神州大陆核心,薪火号静静悬浮。其舰体时而化作不起眼的虚影,时而凝聚成流畅的黑色战舰形态,仿佛在安抚着这片受伤的故土。
舰桥核心,王进负手而立,望着轩辕城方向新立的英烈碑虚影,目光沉静如水,看不出喜怒。但他的内心,远不如表面这般平静。

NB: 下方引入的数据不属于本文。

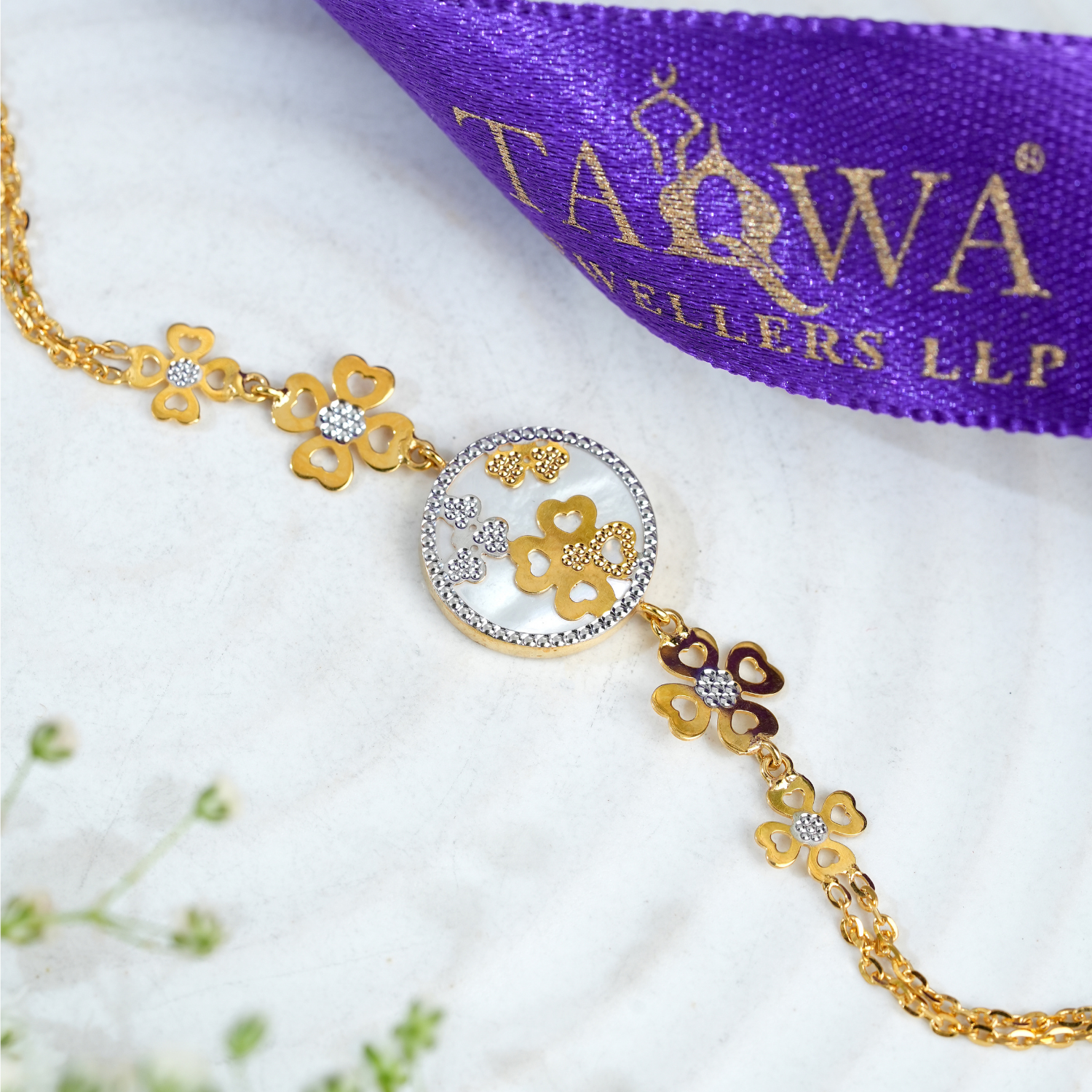Quadglow 18kt gold bracelet by Taqwa Jewellers with four-heart clover clusters on a pearled medallion and dual-tone chain links.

那跨越千万里的一指,不仅按碎了望乡城,更如同按在了他的心口。那种生死不由自己掌控、族群命运系于他人一念之间的感觉,让他感到了前所未有的屈辱与……渴望。
对绝对力量的渴望!
“宿主。”温和而略显疲惫的意念传来,是薪火本体。
“薪火,情况如何?”王进收敛心绪,以神念回应。
“暂且脱离危险。”薪火的意念带着肯定,“‘太古盟誓’的裁决净化了那片区域,也震慑了大多数觊觎者。短时间内,应无存在敢再明目张胆违背盟誓,大规模搜寻。”
王进微微颔首,这算是不幸中的万幸。
“但是,”薪火话锋一转,语气变得严肃,“‘荣’奇物,不能继续留在神州大陆了。”
“为何?”王进蹙眉,“宝库的封印……”
“非封印之故。”薪火解释道,“‘荣’奇物蕴含的‘生’之规则,层次太高,过于磅礴。神州大陆虽得鸿蒙星空赐福,能屏蔽天机,但那只是在星空下的赐福,规则层次太低,尚不足以完全屏蔽此等奇物自然散发的规则波动。将其置于大陆,如同在黑暗中点燃一支巨大的火炬,即便有层层遮掩,时间一长,也难保不会被某些对规则极其敏感的存在捕捉到蛛丝马迹。此次危机,根源便在于此。”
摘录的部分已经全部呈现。